### Collected data
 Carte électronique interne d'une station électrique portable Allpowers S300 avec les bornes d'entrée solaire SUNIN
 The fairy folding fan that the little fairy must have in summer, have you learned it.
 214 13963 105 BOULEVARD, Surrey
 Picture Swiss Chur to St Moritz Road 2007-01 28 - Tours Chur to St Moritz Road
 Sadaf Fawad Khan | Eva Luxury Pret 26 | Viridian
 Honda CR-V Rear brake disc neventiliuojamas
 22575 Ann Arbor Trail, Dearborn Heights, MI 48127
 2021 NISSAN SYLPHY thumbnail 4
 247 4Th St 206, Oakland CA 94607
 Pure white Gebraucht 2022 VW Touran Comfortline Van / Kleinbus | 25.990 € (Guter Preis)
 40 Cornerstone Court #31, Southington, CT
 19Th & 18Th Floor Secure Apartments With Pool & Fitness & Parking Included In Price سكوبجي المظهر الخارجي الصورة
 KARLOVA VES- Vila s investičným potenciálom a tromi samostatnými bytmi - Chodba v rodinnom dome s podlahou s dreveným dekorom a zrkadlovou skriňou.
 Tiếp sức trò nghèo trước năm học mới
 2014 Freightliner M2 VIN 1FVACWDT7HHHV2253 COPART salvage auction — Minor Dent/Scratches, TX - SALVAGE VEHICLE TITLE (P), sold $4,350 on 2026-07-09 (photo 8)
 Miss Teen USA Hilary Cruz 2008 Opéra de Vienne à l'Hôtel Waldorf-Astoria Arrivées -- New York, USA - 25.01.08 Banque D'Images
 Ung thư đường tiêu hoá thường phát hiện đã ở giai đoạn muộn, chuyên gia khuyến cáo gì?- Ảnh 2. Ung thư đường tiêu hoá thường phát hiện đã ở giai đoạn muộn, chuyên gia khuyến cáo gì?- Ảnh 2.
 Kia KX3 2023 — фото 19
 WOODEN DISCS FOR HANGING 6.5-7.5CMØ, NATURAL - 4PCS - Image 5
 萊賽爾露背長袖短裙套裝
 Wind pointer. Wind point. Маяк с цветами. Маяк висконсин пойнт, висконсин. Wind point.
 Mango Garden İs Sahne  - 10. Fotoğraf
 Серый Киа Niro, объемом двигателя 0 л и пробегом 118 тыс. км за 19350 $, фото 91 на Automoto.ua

### Exercise instructions
Each line in the data that holds the string "фото" needs to be copied.

### Answer to this exercise
 Kia KX3 2023 — фото 19
 Серый Киа Niro, объемом двигателя 0 л и пробегом 118 тыс. км за 19350 $, фото 91 на Automoto.ua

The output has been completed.